If I can reproduce this in testing I'll try what you describe about disconnecting the server from the network (it's a virtualized server though... so I'll have to figure out how to do that). If I'm able to do this I'll report back, though it may be a while.
I wonder if this relates to a bizarre bug I've been seeing...
1. WS onConnect
2. WS client sends a ~50 byte message
3. WS client sends a ~500 bytes message
4. WS client sends a ~50 byte message
5. WS client sends a ~100 byte message
If the client is 'fast' - i.e. a snippet of Javascript on localhost, the whole socket will block around step 4/5 and only flush when the client disconnects (at which point the remaining messages are suddenly handed to my WebSocket subclass).
Of interest is that the point at which the blocking occurs always seems to have a different thread ID to the previous step. So what if both my problem and the one that Andrew reported are to do with a non-synchronizing race hazard in something like WebSocketParser.parseNext(). Does, for example, the _state manipulation assume wrongly that a given thread will run to completion upon the receipt of some new data before the next thread's contribution is read in?
Additional note: by making my test app respond with a 50ish byte message after every one that's received, the blockage no longer occurs - perhaps because the synchronized blocks on the generator are creating a mutex-by-proxy effect?
Hiya - I wondered if there is a game-plan for attacking this bug? It's bitten us again in production (just came back from the weekend to discover most of our servers at max CPU with 0-2 active connections apiece). I could try and have a go myself but I'm concerned that, given the complexity of the state machine and the need to understand the Jetty acceptor / handling lifecycle that I will be far less effective than the code's original author.

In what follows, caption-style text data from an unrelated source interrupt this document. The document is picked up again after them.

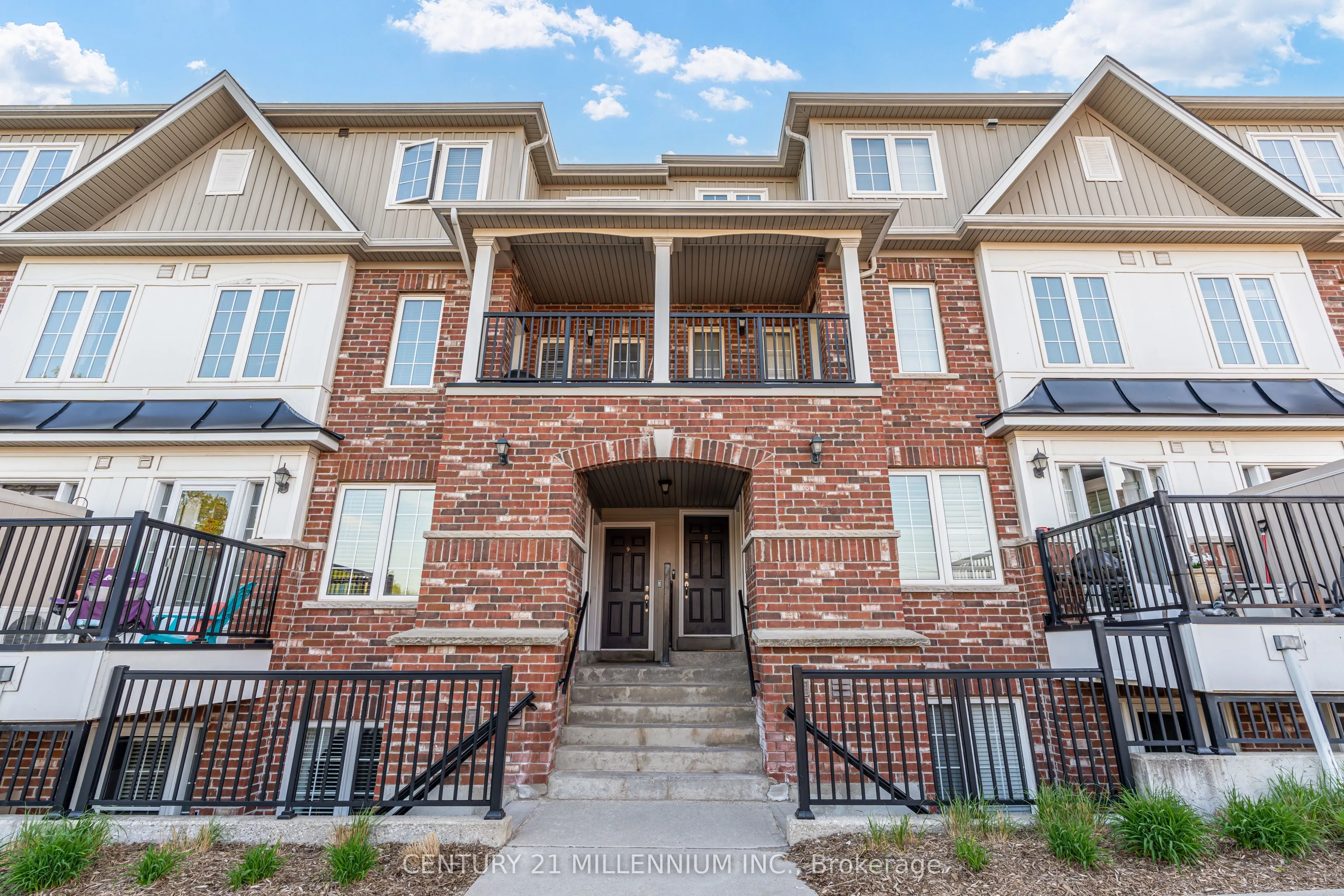 5 Armstrong Street #9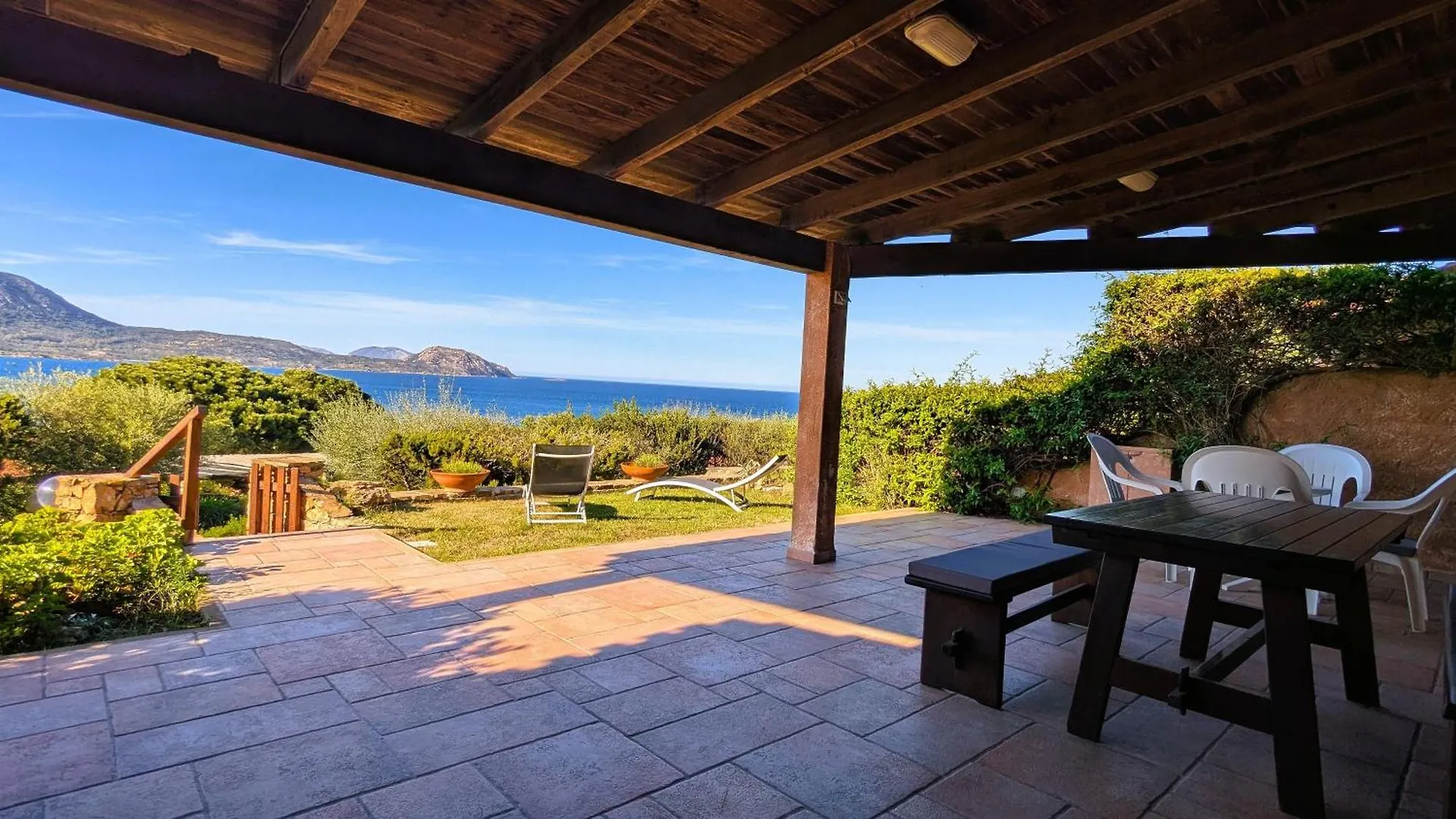 Appartamento Vista Mare A 150M Dalla Spiaggia Costa Corallina
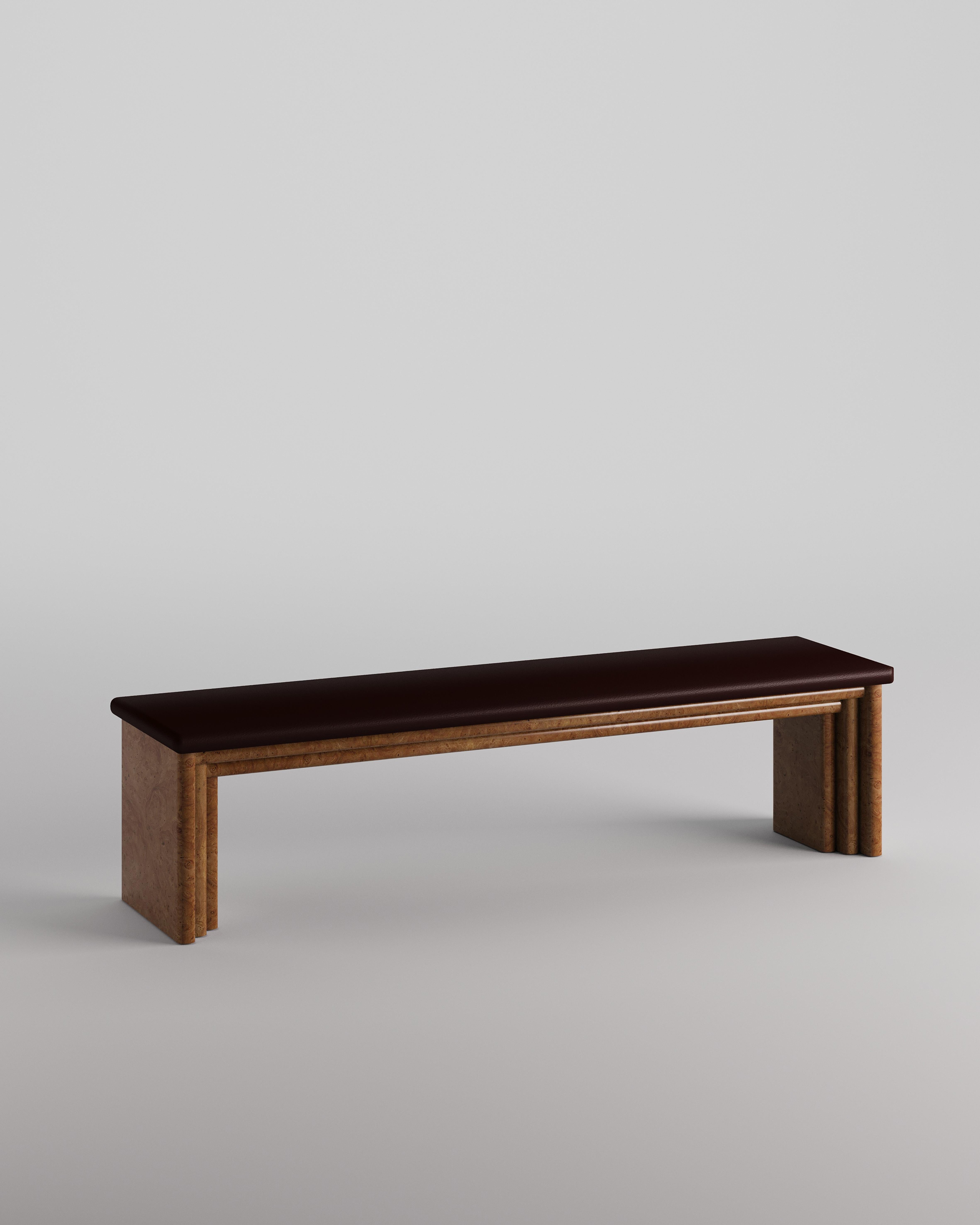 Banc en bois Column Root par Tuğçe Geyik
Dimensions : D 45 x L 180 x H 45cm. 
MATERIAL : Bois.

Tuğçe Geyik est un architecte et designer basé à Istanbul. Elle a étudié à l'université technique de Yildiz, au département d'architecture. Elle a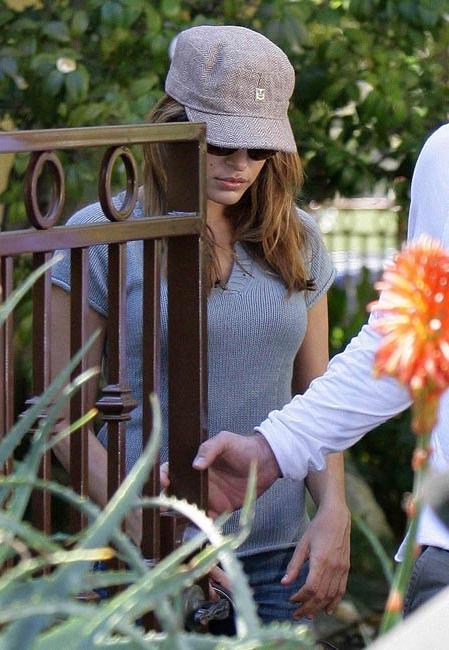 15P Eva Mendes nipple slip at a big screen show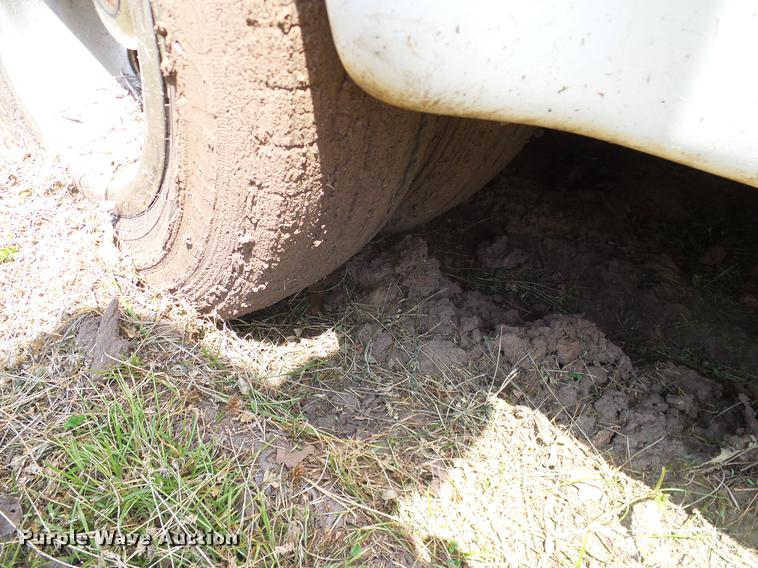 image for item DD8189 2009 Ford E450 shuttle bus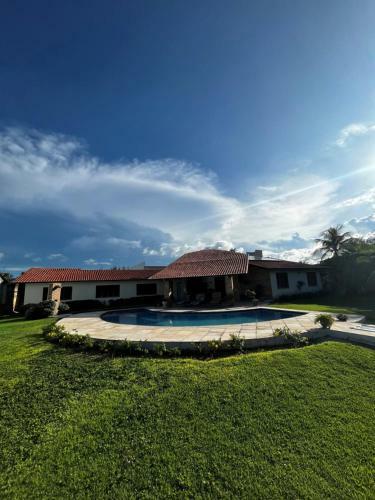 Villa Casa Bavaria Em Praia Do Morro Branco Na Marina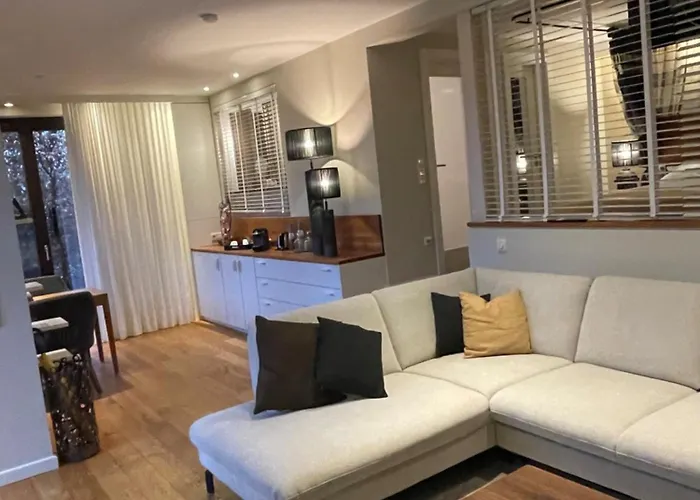 ホテル レーバース プフルク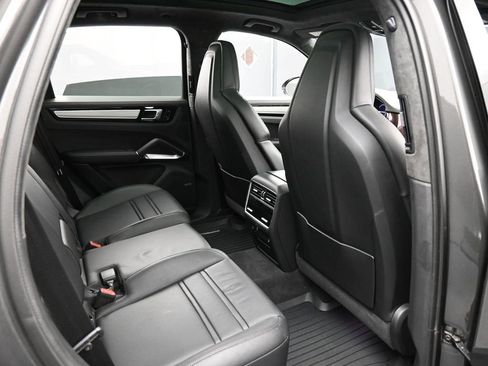 Certified 2021 Porsche Cayenne Turbo image 29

Well we need a tame version of the bug that we can conduct scientific experiments on while in captivity.
Failing that, we need some thread dumps - about 1s apart - of suffering server.
Note that we have fixed a couple of issues in jetty's selector that may improve the websockets experience (we also have implemented draft 6 websockets).
So it may be worthwhile testing 7.3.1 (to be released in a few days), and try to replicate on that.
websockets has been substantially reworked in 7.4.x, so I'm closing this one.
Please open a new issue if you can reproduce on 7.4.1 or later.
what would be good to see is several thread dumps a few milliseconds apart, that way I can get a sense of the loop that the code is running through.
thanks